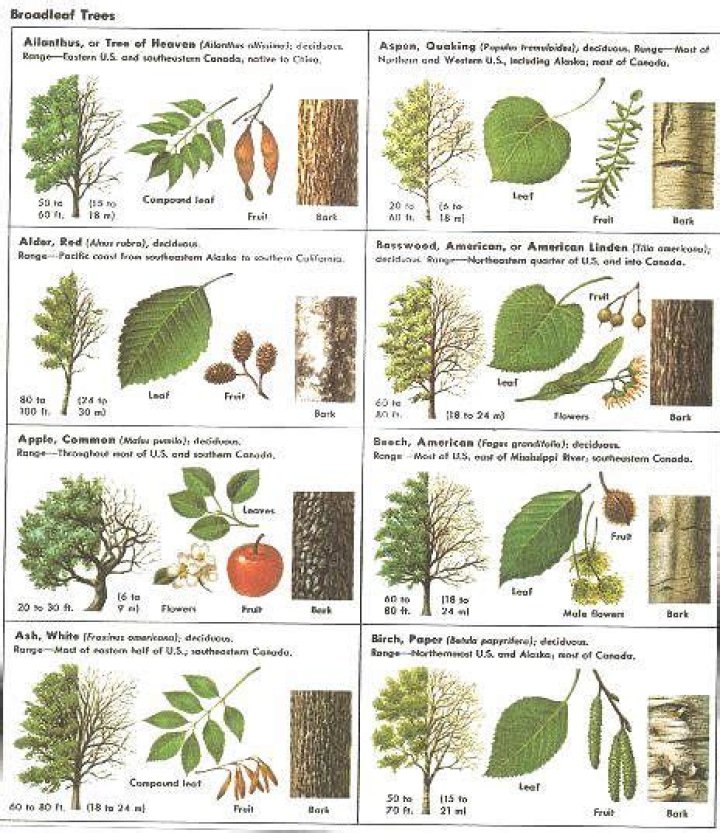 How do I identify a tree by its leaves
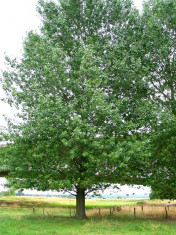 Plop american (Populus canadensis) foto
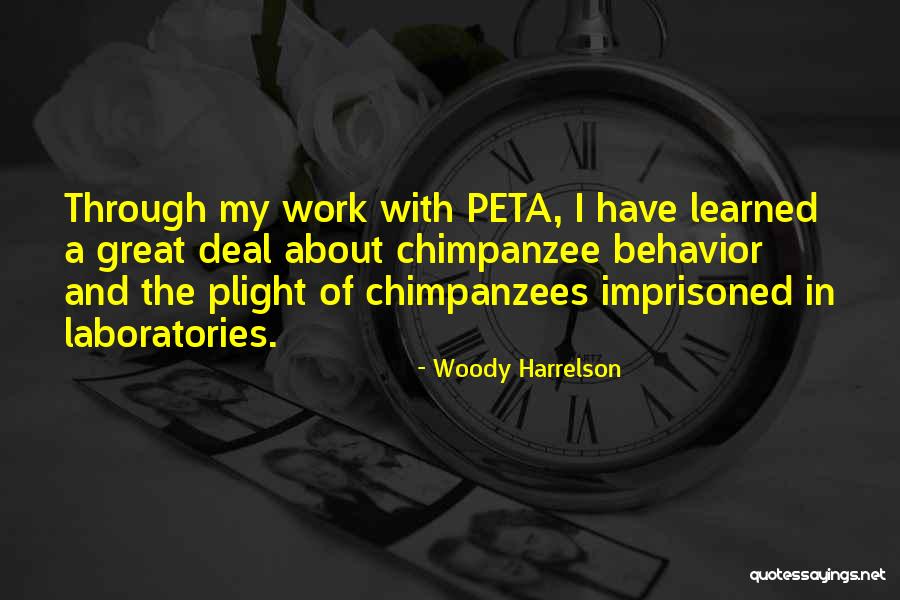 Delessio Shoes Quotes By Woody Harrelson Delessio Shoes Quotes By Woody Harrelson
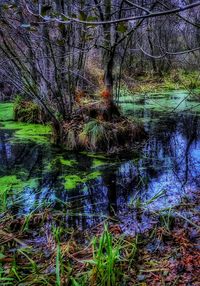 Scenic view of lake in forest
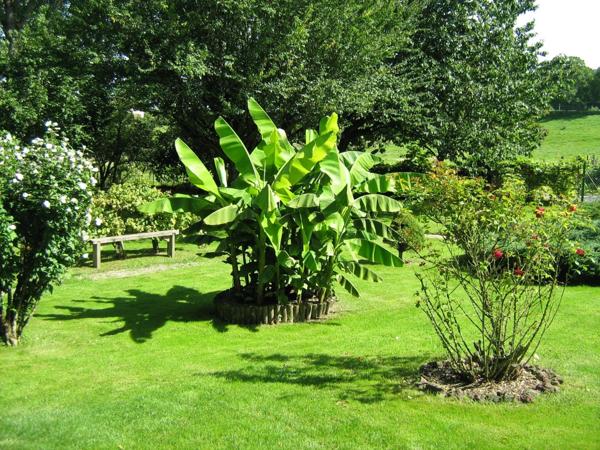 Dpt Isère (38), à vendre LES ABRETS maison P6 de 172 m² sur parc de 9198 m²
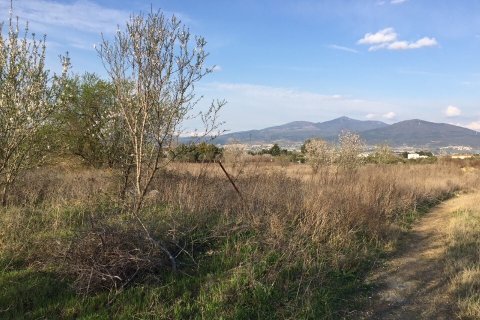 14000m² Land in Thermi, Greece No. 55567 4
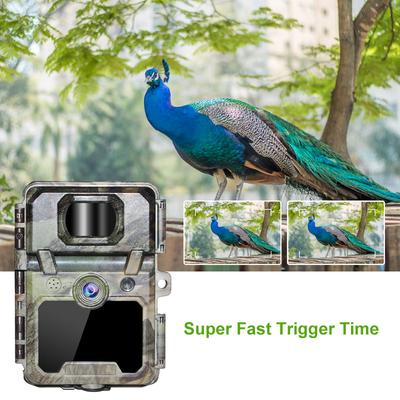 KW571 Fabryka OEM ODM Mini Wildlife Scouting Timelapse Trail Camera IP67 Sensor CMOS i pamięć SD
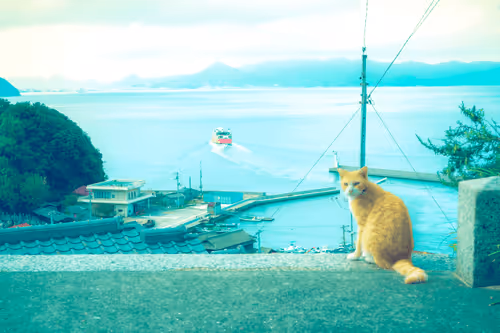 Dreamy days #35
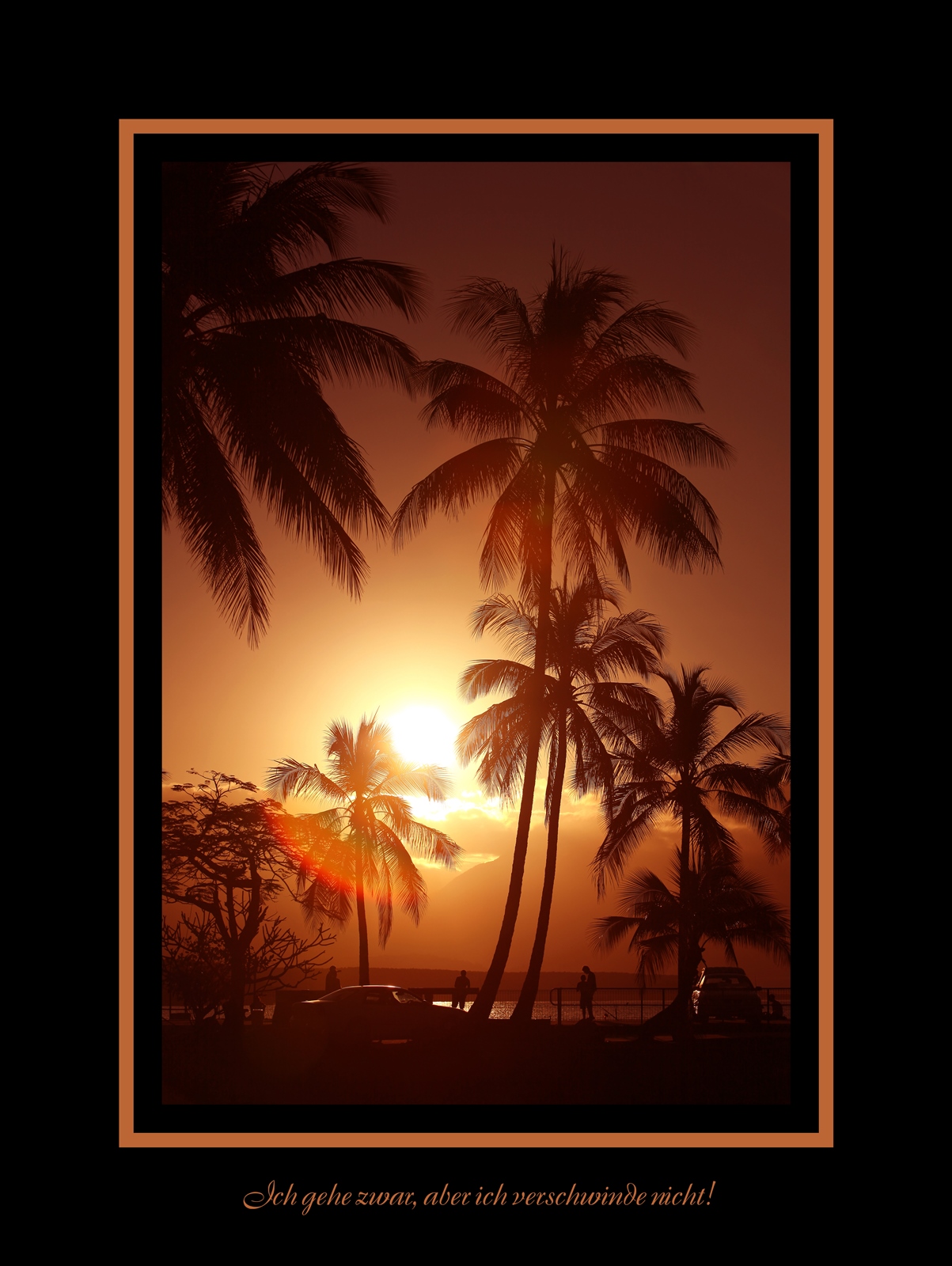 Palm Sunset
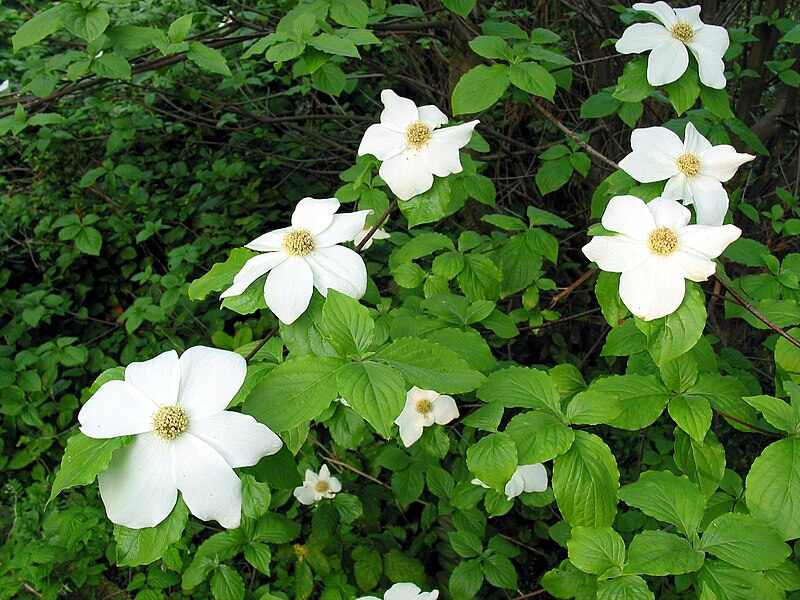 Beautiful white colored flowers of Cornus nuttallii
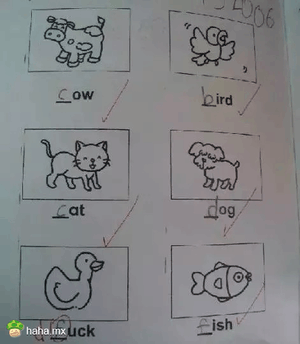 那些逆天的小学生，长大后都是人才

▬▬▬▬▬▬

Exercise prompt =>
Retype exactly. Include each line from the start of the material through the line holding "Dpt Isère (38), à", and leave the pictures out.

Response =>
 How do I identify a tree by its leaves
 Plop american (Populus canadensis) foto
 Delessio Shoes Quotes By Woody Harrelson Delessio Shoes Quotes By Woody Harrelson
 Scenic view of lake in forest
 Dpt Isère (38), à vendre LES ABRETS maison P6 de 172 m² sur parc de 9198 m²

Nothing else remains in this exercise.